The O(n) Club: Beautiful Arrangement — Why Backtracking Is Actually Beautiful (Sorry, Not Sorry)
⚡ TL;DR
Count permutations of 1 to n where, at each 1-based seat, the number sitting there must divide or be divisible by its seat position. Brute-force is O(n!) — great if you miss hearing your laptop fan. So, we backtrack with style.
// Brute-force (warning: your CPU will hate you) int count = 0; for (List<Integer> perm : allPermutations(1..n)) { boolean beautiful = true; for (int i = 1; i <= n; i++) { int num = perm.get(i - 1); if (num % i != 0 && i % num != 0) { beautiful = false; break; } } if (beautiful) count++; } // Don't. Just don't.
🧠 How Devs Usually Mess This Up
Some devs treat 1-based positions like an urban legend and go 0-based instead — instant facepalm. Others try generating all n! permutations and filtering for the condition, which, for n=12, will leave you enough time to write your memoir.

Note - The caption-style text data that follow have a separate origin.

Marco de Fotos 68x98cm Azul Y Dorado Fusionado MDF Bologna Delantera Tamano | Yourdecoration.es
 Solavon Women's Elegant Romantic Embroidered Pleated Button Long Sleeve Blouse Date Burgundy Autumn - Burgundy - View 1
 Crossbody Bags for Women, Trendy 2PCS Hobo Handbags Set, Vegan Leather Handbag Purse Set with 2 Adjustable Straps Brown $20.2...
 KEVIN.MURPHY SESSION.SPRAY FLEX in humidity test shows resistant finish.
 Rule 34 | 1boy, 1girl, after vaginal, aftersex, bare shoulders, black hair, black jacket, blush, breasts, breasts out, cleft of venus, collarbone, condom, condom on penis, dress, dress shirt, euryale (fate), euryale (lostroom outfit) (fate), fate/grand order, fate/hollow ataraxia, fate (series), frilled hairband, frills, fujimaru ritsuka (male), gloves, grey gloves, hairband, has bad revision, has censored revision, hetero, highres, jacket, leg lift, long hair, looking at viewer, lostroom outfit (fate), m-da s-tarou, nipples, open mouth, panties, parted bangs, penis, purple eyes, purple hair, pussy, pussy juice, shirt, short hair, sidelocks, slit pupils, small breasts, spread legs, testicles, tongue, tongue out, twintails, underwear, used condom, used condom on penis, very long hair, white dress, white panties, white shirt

Some even check only one divisibility direction (perm[i] divides i), missing half the beautiful world. Result: bugs, timeouts, existential dread.
🔍 What’s Actually Going On
This is seating arrangement with rules: guests (numbers) only sit in chairs (positions) where someone divides someone. Don’t waste time inviting every guest to every chair. For each position, precompute who’s allowed, then place them recursively, only using those who aren’t already at the table. Think speed dating, but everyone has to swap seat numbers and compare their divisibility credentials before committing.
- Your guests: numbers 1..n. Your seats: positions 1..n.
- Precompute who’s even eligible for each seat, to speed things up.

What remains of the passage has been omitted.